Haut Languedoc

4 avril 2011

81 - Tarn

Thoré

cérou

Un petit tour en Montagne Noire pour voir si les pluies de l’autre semaine n’ont pas trop malmené les rivières. Les photos envoyées par les amis laissaient craindre le pire, le souvenir des crues d’il y a une dizaine d’années est vif encore. Le secteur Thoré est très impacté, les berges qui n’étaient pas tenues par les puissantes racines de grands feuillus ont été abîmées, des galets ont été roulés jusque dans les prés. Les ruisseaux tributaires ont été touchés, mais ceux qui coulent entièrement en forêt ont bien moins souffert. Par contre, l’effet de sablage sur la roche est impressionnant, les mousses et les matières incrustées ont été décollées et l’on retrouve une rivière toute en minéralité. L’eau semble plus limpide, le granit décapé est d’un gris uni, cela fait penser aux torrents de très haute montagne juste après le recul des névés. Je n’ai pas essayé de pêcher là, pas eu envie de découvrir déjà les bouleversements prévisibles du profil de ces cours d’eau, alors j’ai fait la boucle par les hauts cantons, sachant très bien que les ruisseaux du plateau auraient été protégés par les sanhes, ces immenses éponges vertes que le parc régional a heureusement conservées… La rivière aux sables blonds n’a pas bougé, les prairies humides ont joué leur rôle immémorial. J’ai marché longtemps à travers bois, sur ces hauteurs vallonnées, avant d’atteindre un coin un peu plus abrité du vent. J’ai vu l’hiver qui s’attarde, puisqu’ici il n’y a pas encore un seul bourgeon. Malgré le grand soleil et la lumière crue, il y avait encore quelque chose de glacial au milieu des grands blocs, dans ces failles qui n’ont plus vu la lumière depuis des mois.
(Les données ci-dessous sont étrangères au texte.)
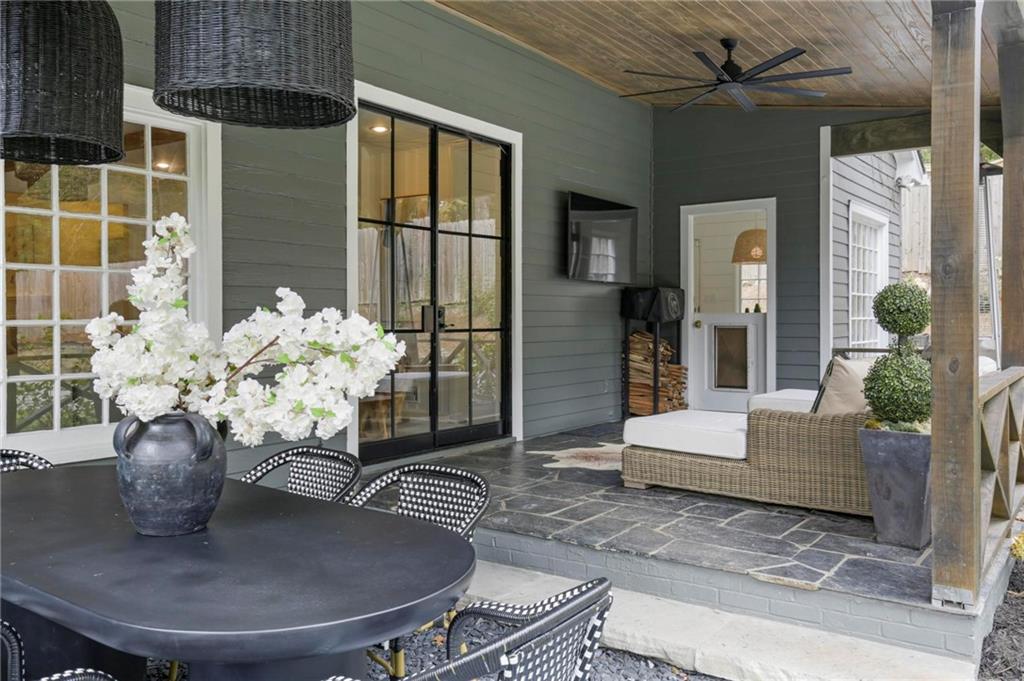 4087 Beechwood Drive NW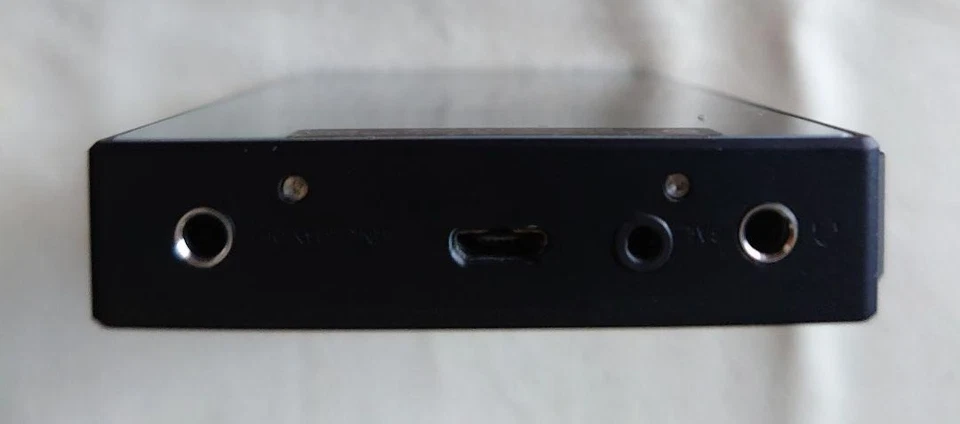 FiiO X5 3rd Black Portable Digital Audio player High Resolution DAP  USED - Image 4 of 4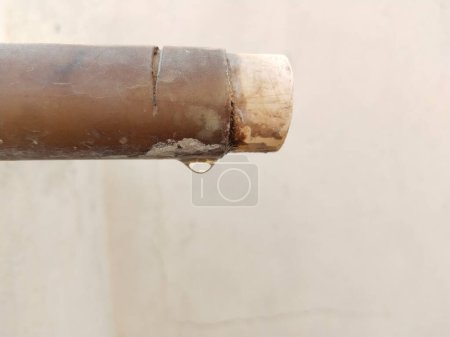 Téléchargez les photos : Vieux tuyau d'eau avec quelques gouttes - en image libre de droit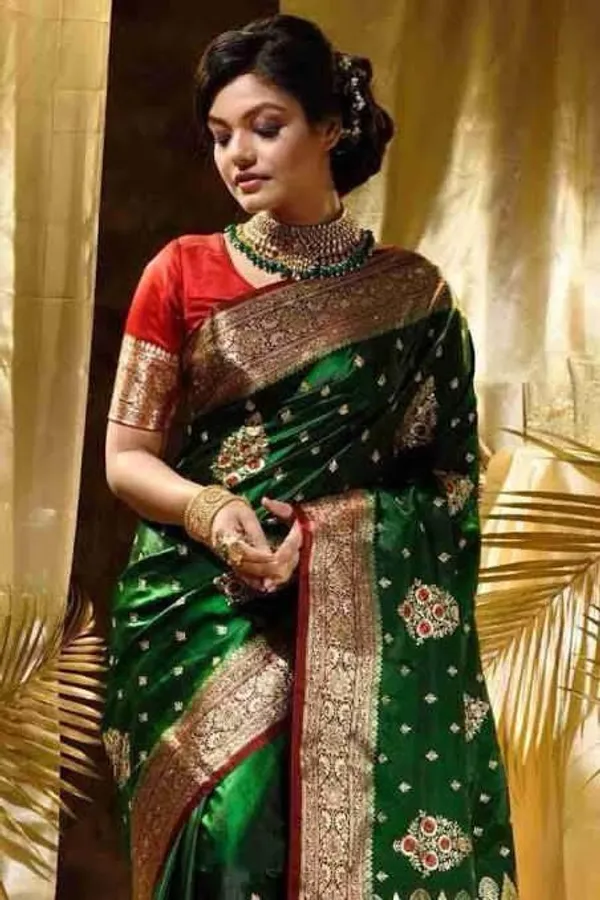Green_Cotton_Silk_Floral_Print_Woven_Banarasi_Saree_For_Women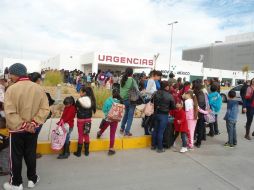 Los niños y niñas son trasladados en camiones desde un centro comunitario a la sala de urgencias. SUN /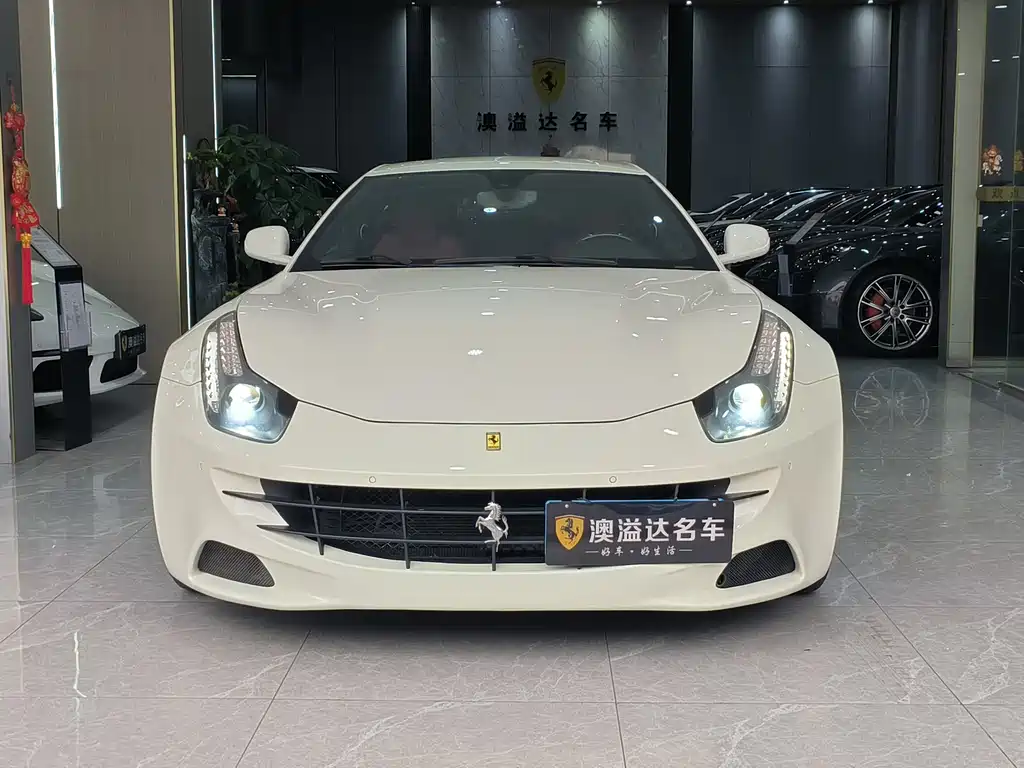 Ferrari FF 6.3 L V12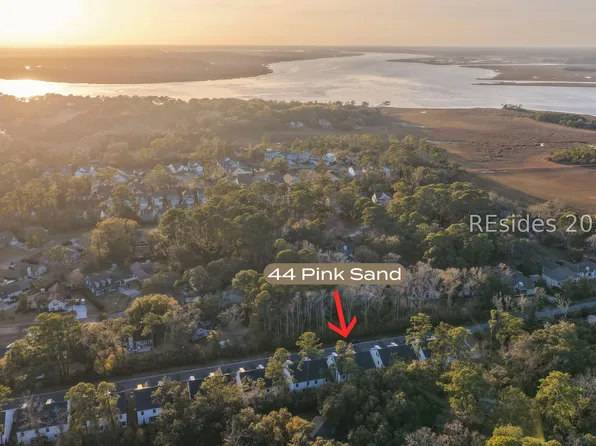 44 Pink Sand Ln, Hilton Head Island, SC 29926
Plus loin, posté à l’endroit dont j’ai rêvé tout cet hiver, j’ai senti dans le dos la chaleur que la roche dure accumulait, j’ai attendu que quelque belle réagisse au défilé agité de mouches grises que les rafales plaquaient sur l’eau. Et je t’ai prise, toi, à peine plus grande que ma main étalée, dans ta robe glacée semée de jais et d’éclats de rubis. Tu as retrouvé les galets dorés, les paillettes de mica et les bois tordus des saules endormis ; je suis allé vers le printemps des hommes, dans la plaine.